Riley McGuire

Ph.D.

Areas of Expertise

Mediaeval English literature (Old and Middle); philosophy; philosophy of poetry

Biography

My research interests are in the philosophy of poetry; in particular, I am interested in "poetic knowledge," or the kind of knowledge to which poetry enjoys unique or privileged access. My approach to this question is influenced especially by the philosophy of poetry of Jacques Maritain and the philosophy of language and poetry of Martin Heidegger. The sample of texts in relation to which I pursue this question spans from Old English through Romantic poetry; some prominent texts and authors would be the Old English Elegies, Chaucer, and Keats's Odes and other texts in which his poetics of "negative capability" is evident.

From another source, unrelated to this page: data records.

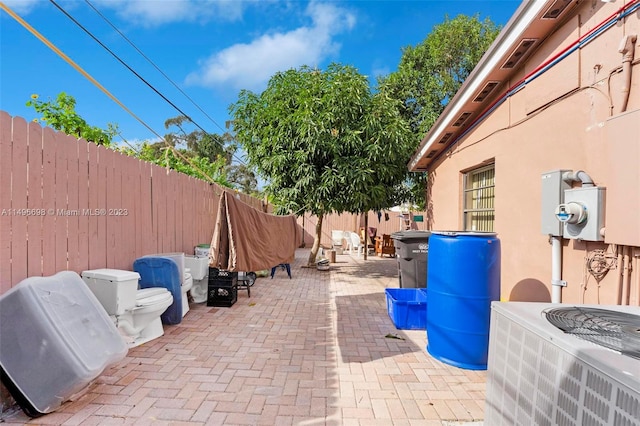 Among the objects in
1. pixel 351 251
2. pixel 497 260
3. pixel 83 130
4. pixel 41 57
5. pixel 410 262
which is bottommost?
pixel 351 251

Other intellectual passions of mine would be comparative philology, ancient and mediaeval languages, stigmeology and grammar, Victorian literature, and aesthetics and ethics. Key writers who have shaped me, apart from Maritain and Heidegger, would be Aristotle, J.R.R. Tolkien, Aquinas, Walter Pater, and Josef Pieper.

I am also an amateur novelist, having self-published a neo-Victorian novel, Edward Williams: A Modern Parable.

Publications

“Romans 15:4 and the Canterbury Tales: A Modest Proposal Concerning Chaucer’s Entente.” Chaucer Review 57, no. 2 (April 2022): 232–50.

“The Place of Allegory in Tolkien’s Understanding of the Old English Exodus.” Tolkien Studies 19 (2022): 39–46.